= Peekskill City School District =

School district in the U.S. state of New York

Peekskill City School District (PCSD) is the school district of Peekskill, New York. It covers the entire city.

==History==
It was headed by Superintendent Judith Johnson, the 2008 New York State School Superintendent of the Year, up until 2011.

David Fine became superintendent in 2015. He resigned in 2017. The current superintendent is Dr. David Mauricio.

==Schools==
It consists of four elementary schools, one middle school, and one high school. The elementary schools operated on a "neighborhood" basis until 1999. Beginning the 1995–1996 school year, sixth graders were moved from elementary schools to the middle school. Until the 1998–1999 school year, each student attended the school closest to his or her home, beginning in kindergarten and ending with graduation from fifth grade. In 1999, the elementary schools were integrated, each school housing two grades. In 2009, the newly built Peekskill Middle School caused a shift in the locations of grades yet again and consequently moved grades one through five around. The high school serves grades nine through twelve.
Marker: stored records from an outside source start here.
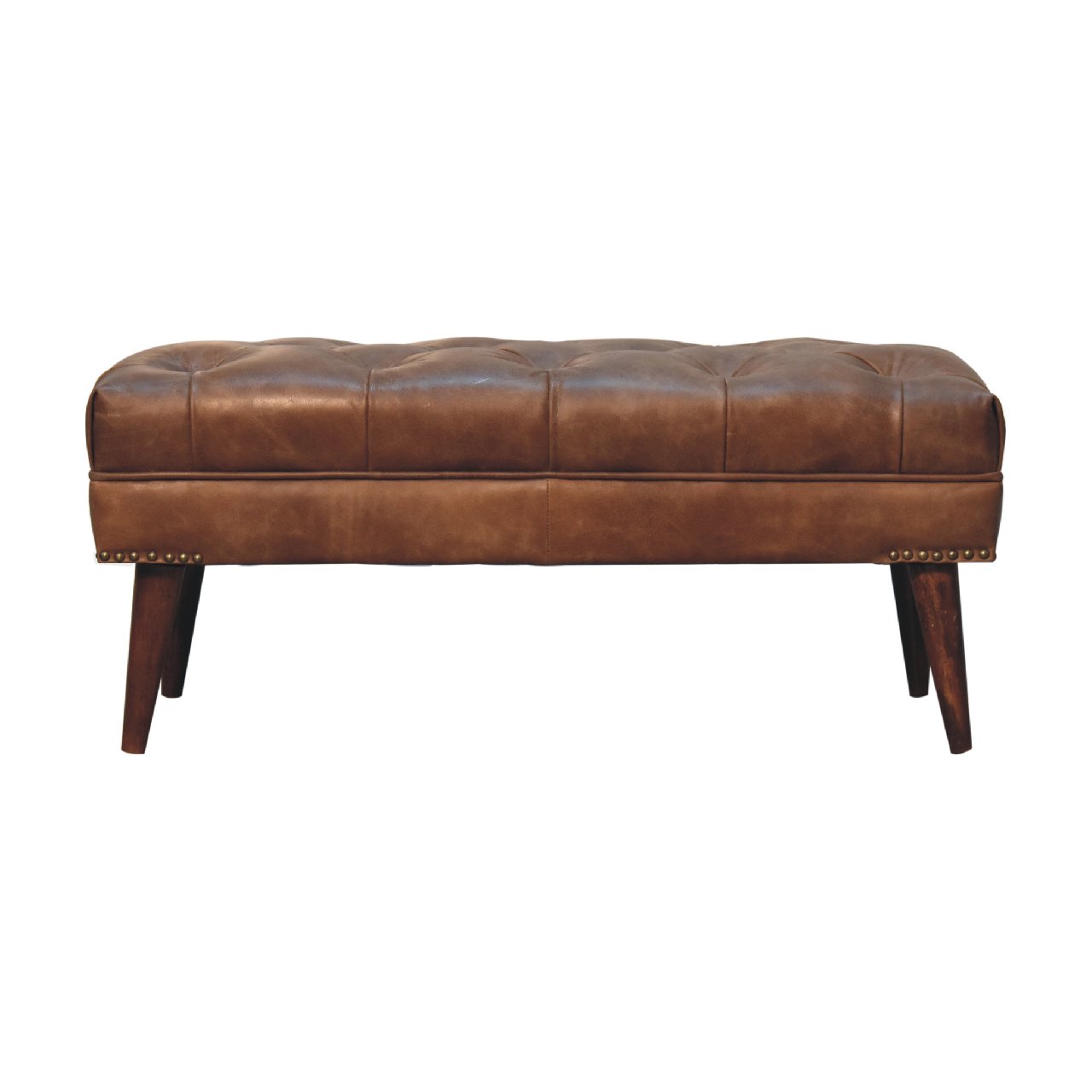 Harbour Brown Leather Bench - Image 2
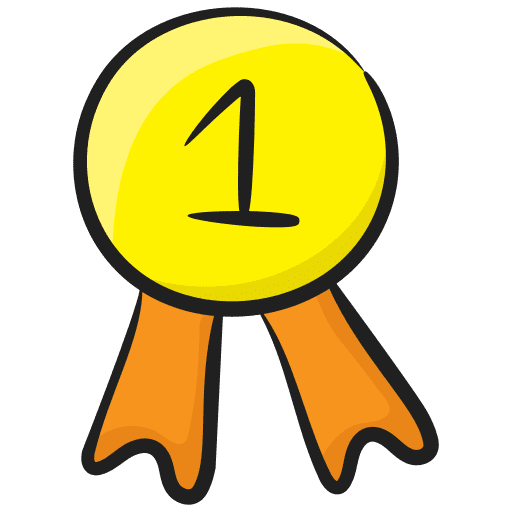 First prize medal winner badge icon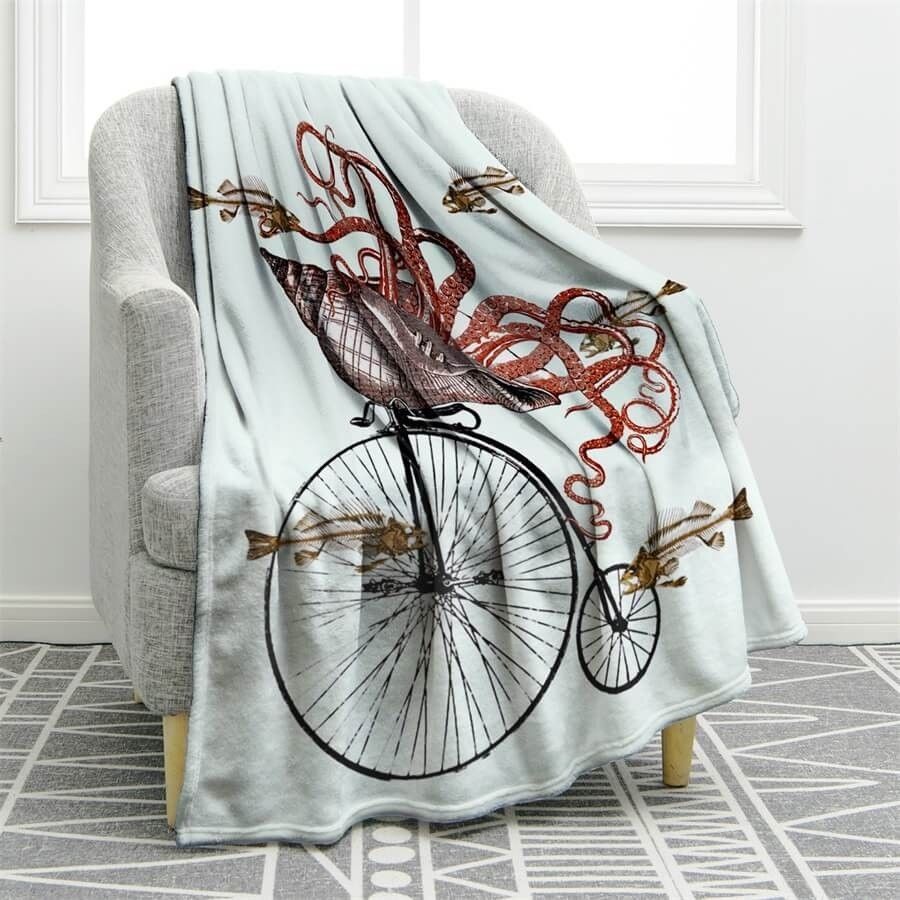 Octopus Cycling Sherpa Fleece Blanket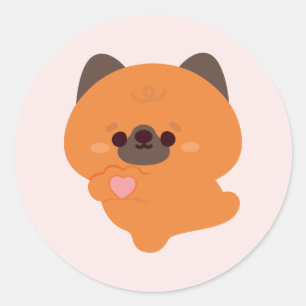 Sticker Rond Mignon chiot berger allemand d'amour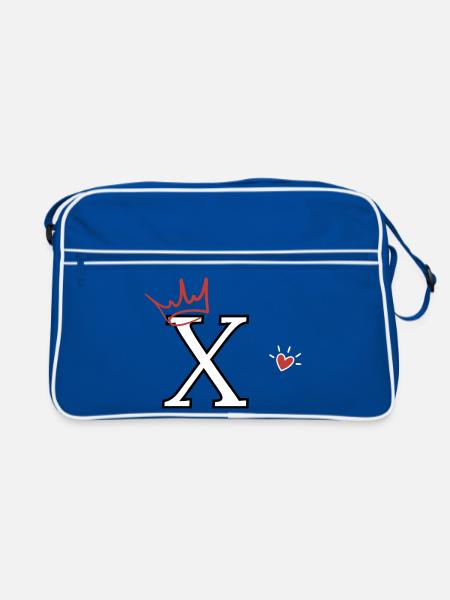 Buchstabe x Herzkrone - Retro Tasche - Blau/Weiß - Vorne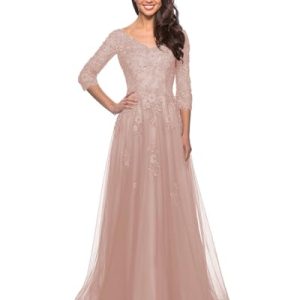 Women's Floral Lace Appliques 3/4 Sleeve Mother of The Bride Dresses Long V Neck Formal Dresses with Pockets YZTS028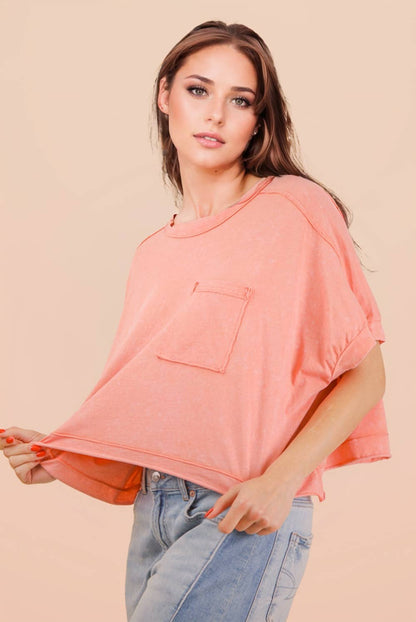 NT11429-Mineral Washed Oversized Crop Comfy Knit Top: BLUE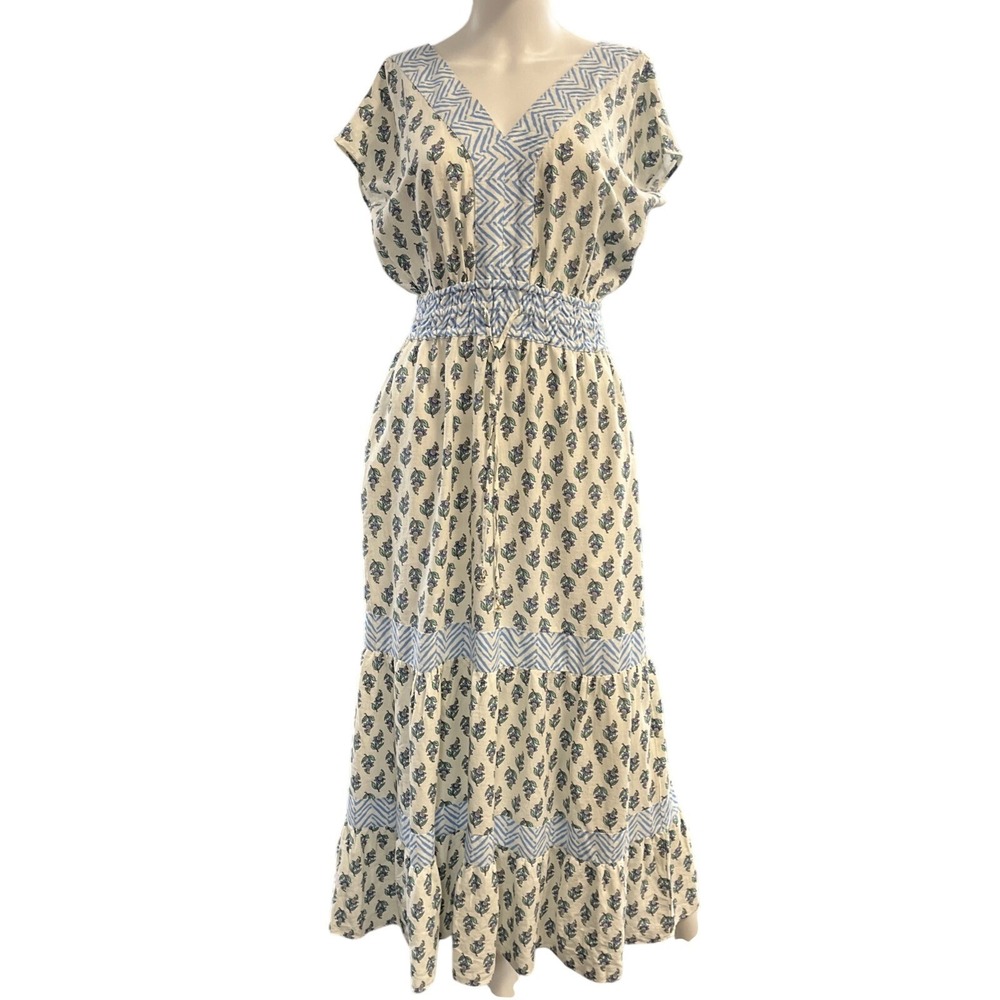Rachel Zoe Dress Linen Blend Tiered Maxi Blue‎ Garden Floral S Resort Vacation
=== Elementary schools ===

- The Uriah Hill Jr. School housed the district's early childhood education program. The ECC consisted of a pre-school and a kindergarten program. The Uriah Hill Jr. school was located at 980 Pemart Avenue. As of September 2009, Uriah Hill School closed due to the consolidation of grades in other schools and due to the Great Recession.
- Oakside Elementary School caters to the district's second and third graders. The school is located at 200 Decatur Avenue.
- Woodside Elementary School houses the district's Pre-kindergarten program, kindergarten and first grade. It is located on Depew Street.
- Hillcrest Elementary School educates the district's fourth and fifth grades. It is located at 4 Horton Drive.

=== Secondary schools ===
- Peekskill Middle School educates the district's sixth, seventh, and eighth graders. The new Middle School building opened at the beginning of the 2009–2010 school year. It is located on Washington Street, directly behind the old building. The former Peekskill Middle School was located at 212 Ringgold Street, which was later demolished.
- Peekskill High School educates most of the district's ninth, tenth, eleventh, and twelfth graders. The high school is located on the grounds of the original Peekskill Military Academy at 1072 Elm Street. For the second consecutive year, Peekskill High School is listed on Newsweeks 2008 Washington Post Challenge Index of the top high schools in the nation. That year, the school ranked in the top 5% of all high schools nationally based on the ratio of graduating seniors and students taking Advanced Placement Tests.